## TASK DESCRIPTION
Starting from the line with "2.04ct طبيعي ماجنتى غامق ياقوت, بيضوي, SI" and going up to and including the line with "Columbia Men's Hart", copy the listing below exactly. Leave all images out.

## AVAILABLE RECORDS
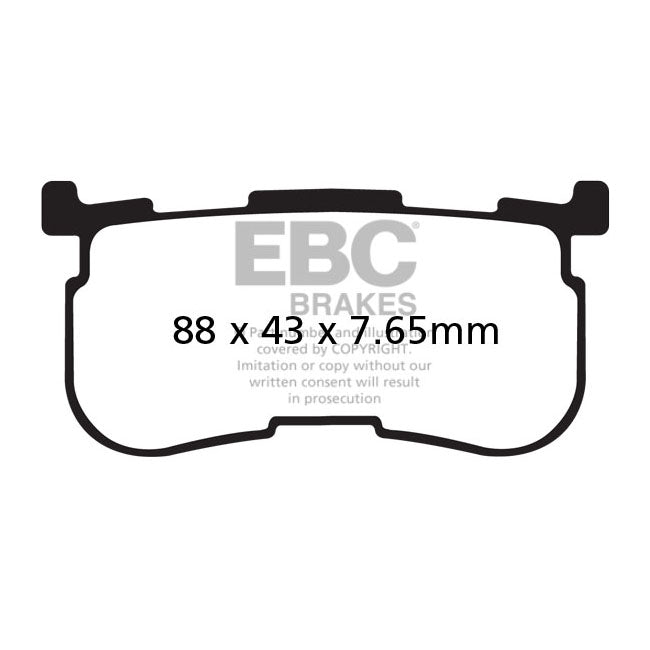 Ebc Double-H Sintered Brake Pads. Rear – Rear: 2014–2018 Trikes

==

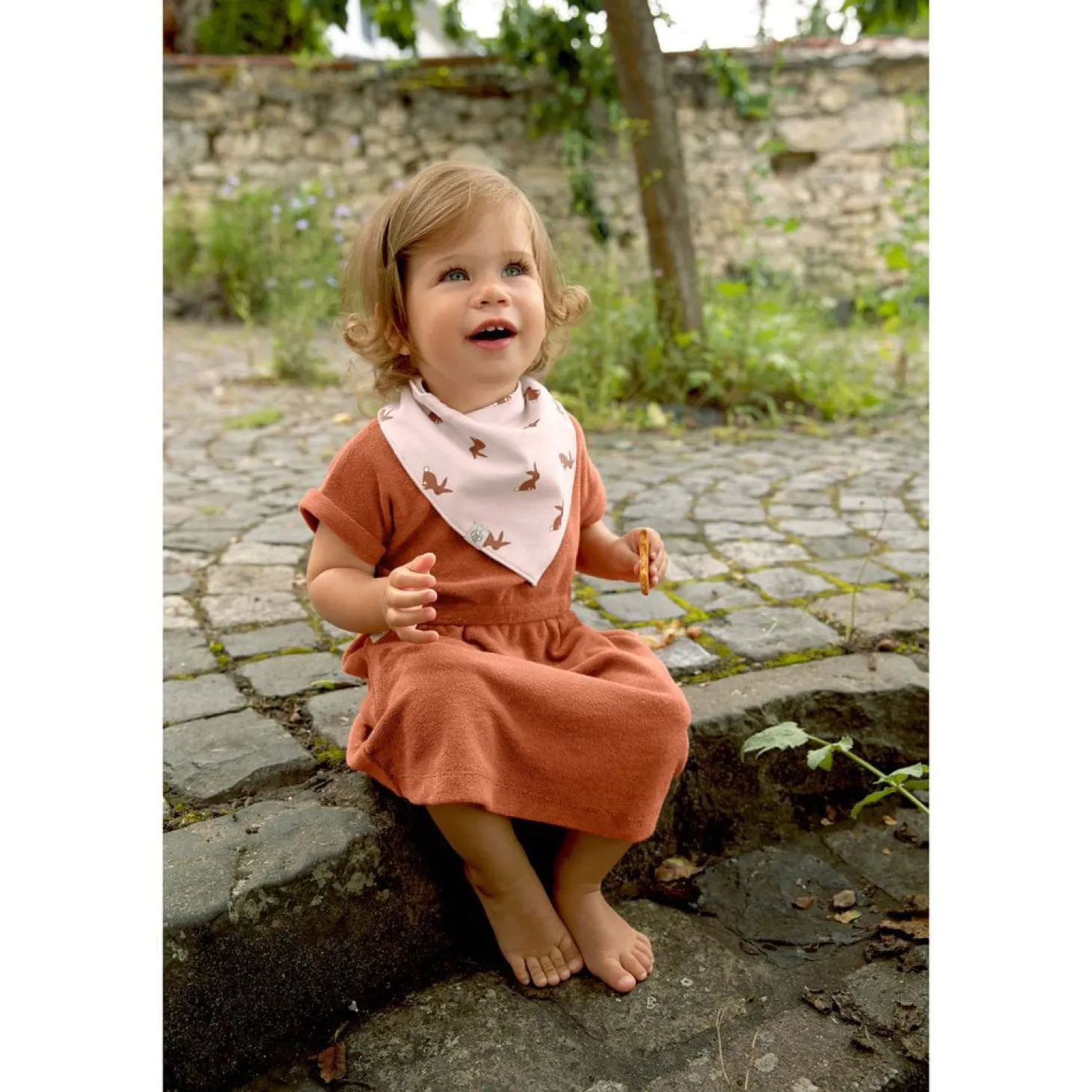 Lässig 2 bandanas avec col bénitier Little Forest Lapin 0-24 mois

==

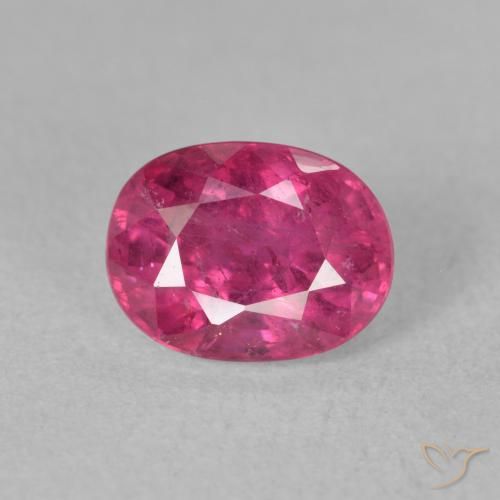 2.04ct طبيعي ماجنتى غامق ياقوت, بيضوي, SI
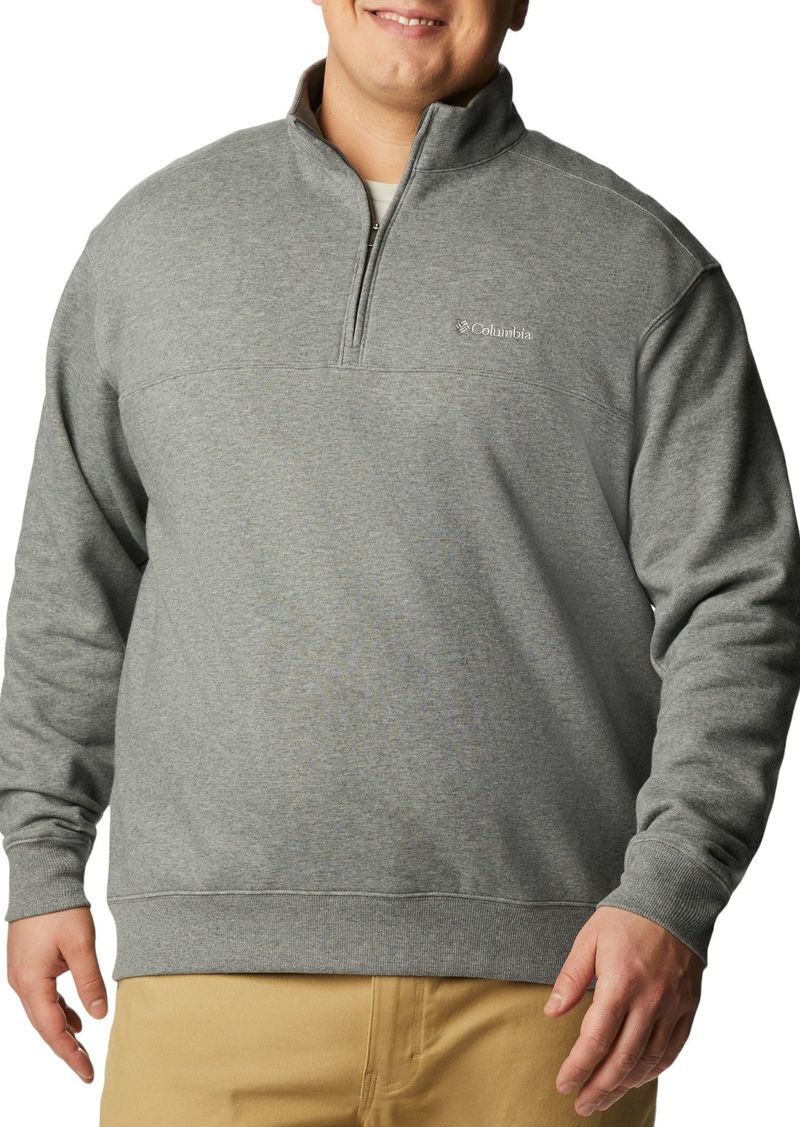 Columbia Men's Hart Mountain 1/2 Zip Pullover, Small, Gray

## EXPECTED ANSWER
 2.04ct طبيعي ماجنتى غامق ياقوت, بيضوي, SI
 Columbia Men's Hart Mountain 1/2 Zip Pullover, Small, Gray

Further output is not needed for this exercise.